Por Redação gl - Política
Atualizado em 13/03/2025 às 4:55 pm

Senado Aprova Projeto que Equipara Violência Reiterada Contra Mulheres à Tortura

O Senado Federal aprovou, por unanimidade, um projeto de lei que classifica como tortura os crimes físicos ou psicológicos praticados de forma reiterada contra mulheres. A proposta, que recebeu 24 votos favoráveis na Comissão de Constituição e Justiça, agora segue para análise na Câmara dos Deputados.

Alterações no Texto Original

O texto inicial, apresentado pela senadora Soraya Thronicke (União Brasil-MS), não incluía a equiparação da violência doméstica contínua à tortura. No entanto, o relator Eduardo Braga (MDB-AM) incorporou uma sugestão do senador Fabiano Contarato (PT-ES), que destacou o sofrimento prolongado e sistemático enfrentado pelas vítimas. “Essas características são semelhantes às da tortura, tornando a violência doméstica uma forma de sofrimento prolongado e sistemático, com graves consequências para a vítima”, justificou Contarato.

Endurecimento das Regras

A proposta também busca fortalecer a Lei de Execução Penal, classificando como falta grave a aproximação do agressor à residência ou ao local de trabalho da vítima durante o cumprimento da pena.
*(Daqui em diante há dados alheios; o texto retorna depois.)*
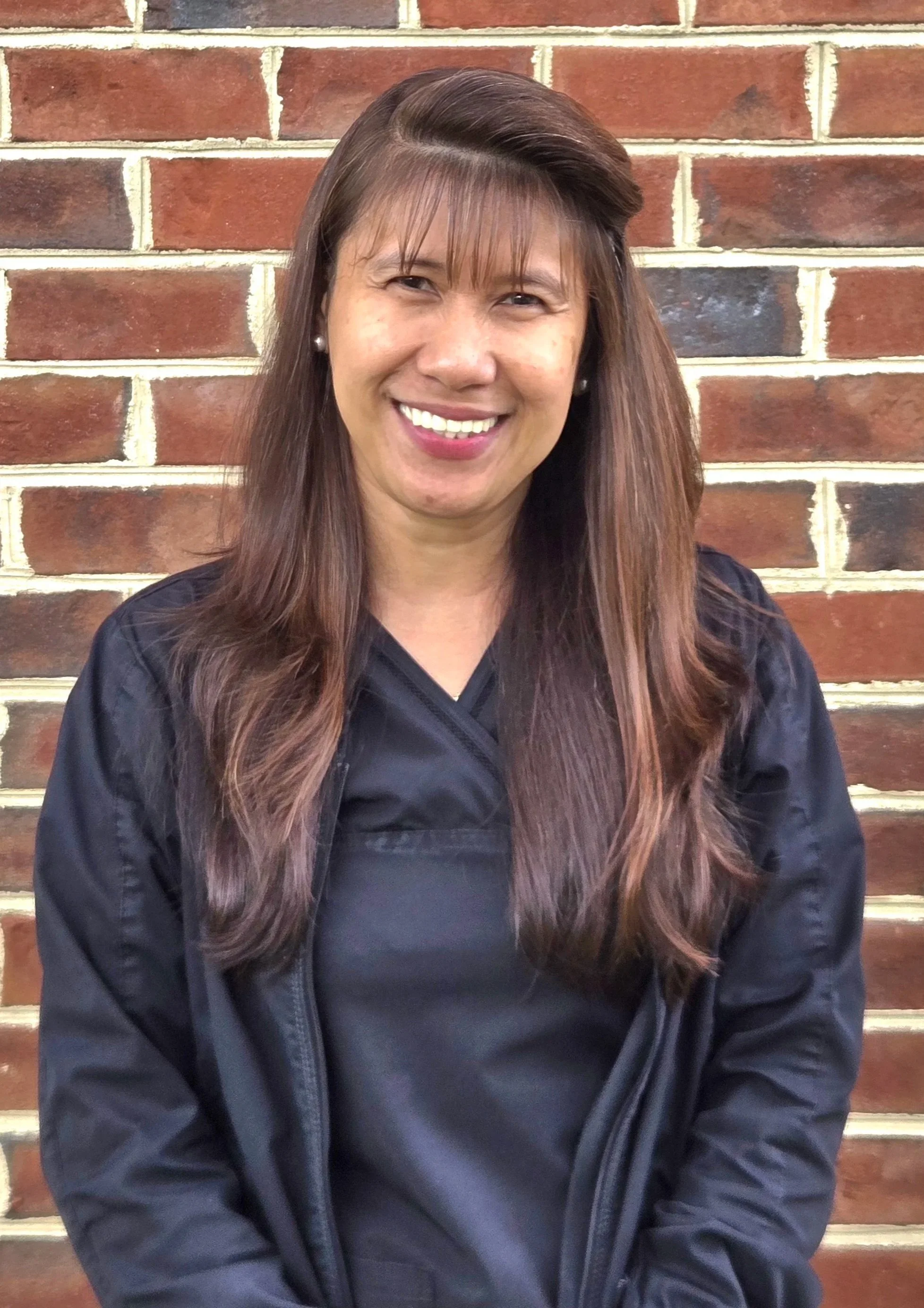 A woman, with long hair, smiling and standing against a brick wall.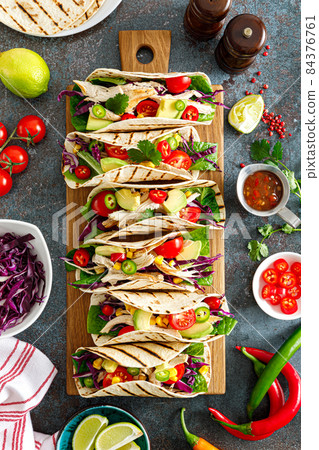 Chicken tacos with grilled meat, avocado, fresh vegetable salad and sauce salsa Chicken tacos with grilled meat, avocado, fresh vegetable salad and sauce salsa 84376761
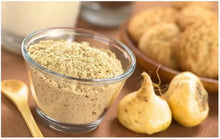 Glass bowl of beige maca powder with maca root pieces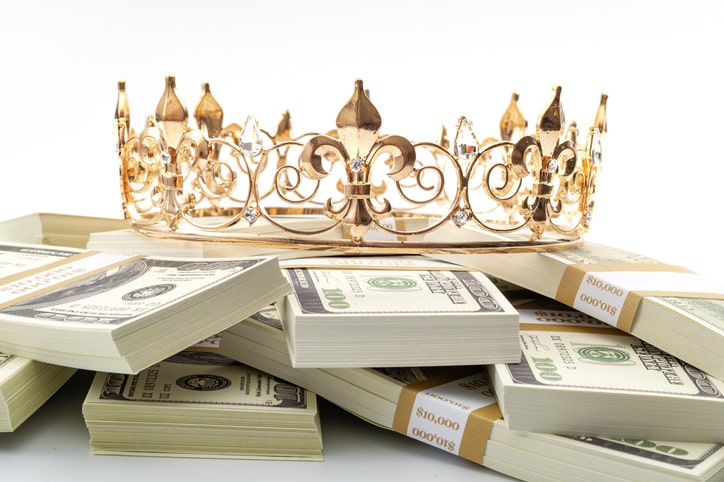 A pile of paper money with crown on top.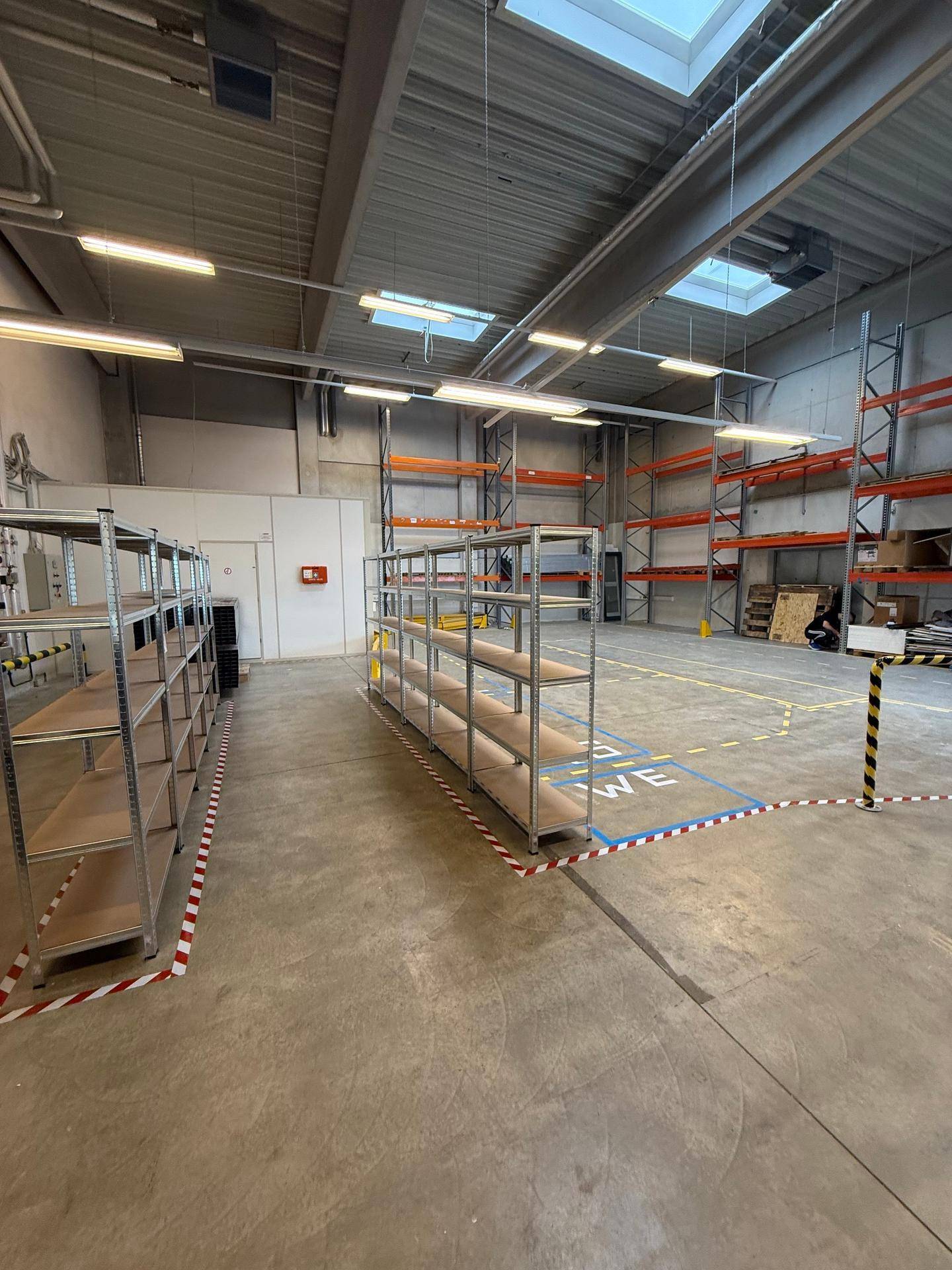 Weitläufige Lagerfläche mit Regalsystemen, Betonboden und Oberlichtern für ausreichend Tageslicht.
Além disso, prevê a aplicação de regime disciplinar diferenciado para presos que ameacem ou pratiquem violência contra a vítima ou seus familiares.
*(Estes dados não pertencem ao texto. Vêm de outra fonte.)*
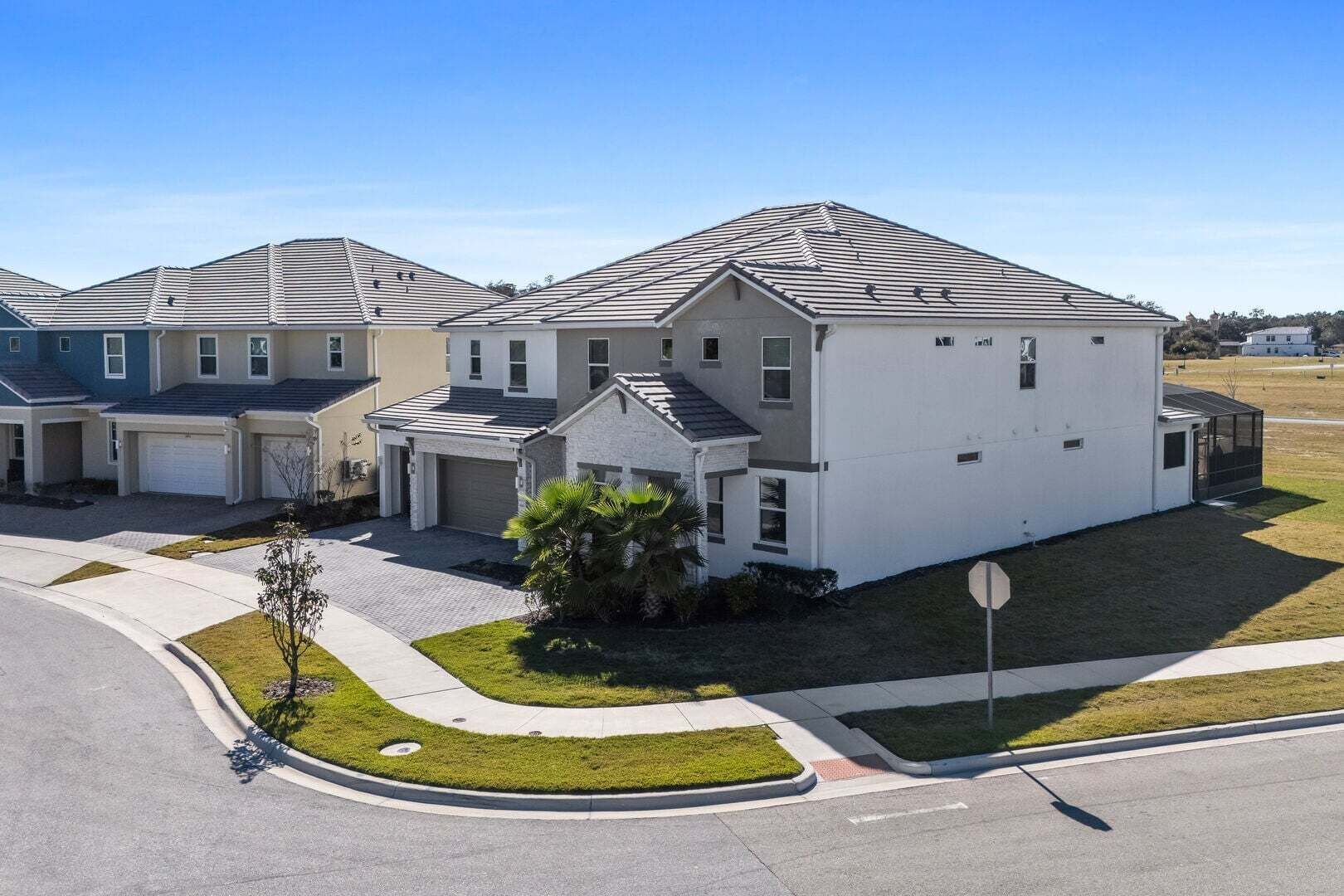 A modern residential building with a garage, a covered driveway, and a well-maintained lawn.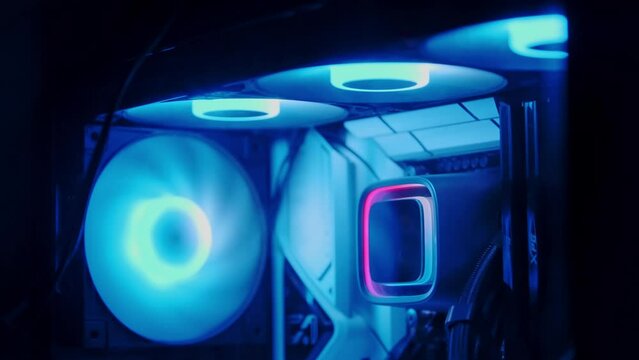 Inside view of a custom gaming PC with vibrant rainbow RGB LED lighting. Computer equipment.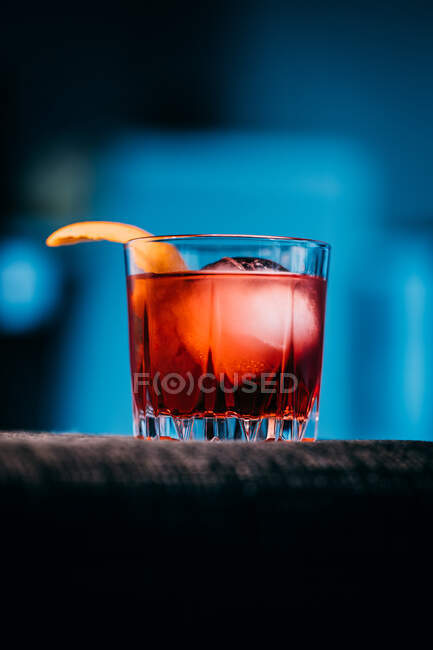 Bicchiere di rinfrescante cocktail Negroni dal sapore amaro e ghiaccio guarnito con buccia d'arancia e servito sul braccio del divano in camera oscura — Foto stock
Outra medida importante é a possibilidade de transferência de presos para presídios federais ou de outros estados, caso sejam identificadas ameaças ou atos de violência contra as vítimas durante o cumprimento da pena. “Apesar de necessária, a Lei Maria da Penha não tem sido suficiente para que as mulheres sejam efetivamente protegidas pelo Estado brasileiro”, afirmou o relator Eduardo Braga.

Projeto Bárbara Penna

O projeto foi nomeado em homenagem à ativista Bárbara Penna, sobrevivente de uma tentativa de feminicídio em 2013. Na ocasião, seu então companheiro, João Moojen Neto, ateou fogo no apartamento onde moravam, resultando na morte de seus dois filhos e de um vizinho que tentou ajudar. Bárbara sobreviveu ao cair do terceiro andar enquanto buscava socorro.
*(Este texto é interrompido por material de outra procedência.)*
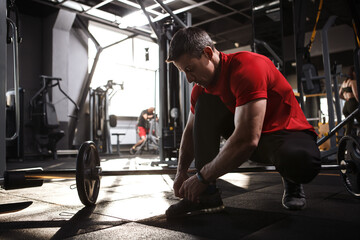 Obraz premium Male athlete tying shoelaces at the gym, copy space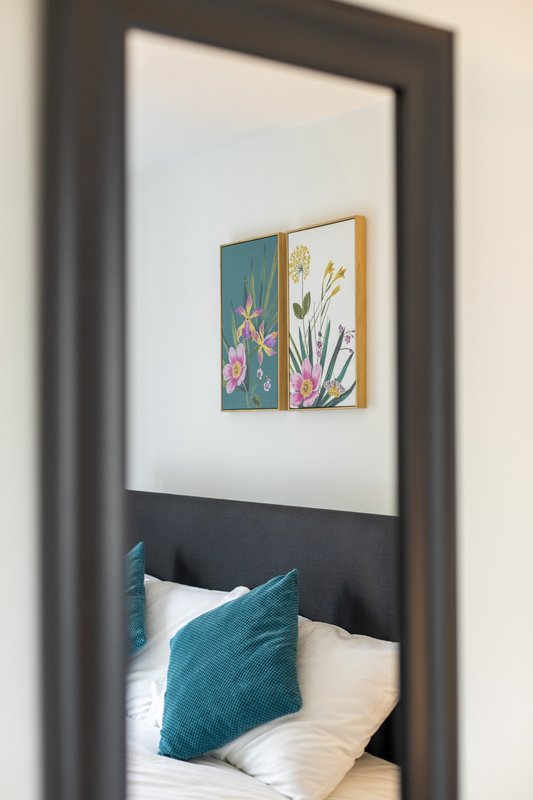 Modern bedroom viewed through doorway with framed floral artwork and teal cushion on bed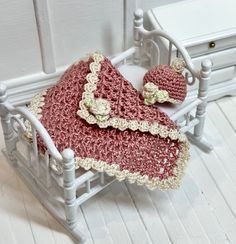 a crocheted blanket and hat are on a doll's bed with white rails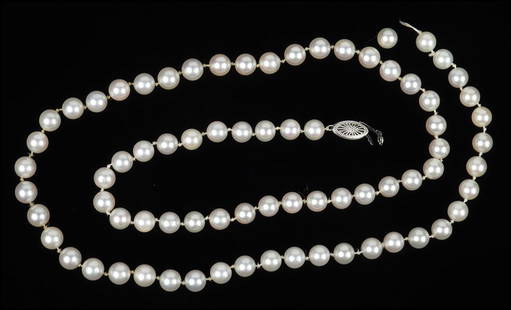 A CULTURED PEARL SINGLE STRAND NECKLACE. Length: 26": A CULTURED PEARL SINGLE STRAND NECKLACE. Length: 26" $200/$300 Pearls are approximately 7mm. With a 10 karat white gold clasp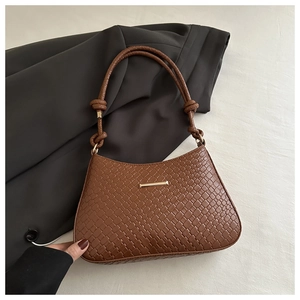 Detailed view of brown woven underarm bag with knot strap and gold metal clasp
João Moojen Neto foi condenado a 28 anos e quatro meses de prisão em regime fechado. Bárbara, atualmente suplente de deputada estadual no Rio Grande do Sul, tornou-se uma voz ativa na luta contra a violência doméstica, apesar de enfrentar polêmicas recentes relacionadas à sua atuação política.

Próximos Passos

Com a aprovação no Senado, o projeto segue para a Câmara dos Deputados, onde será analisado e votado. Caso aprovado, representará um avanço significativo na proteção das mulheres e no combate à violência doméstica, reforçando o compromisso do Estado em garantir a segurança e a dignidade das vítimas.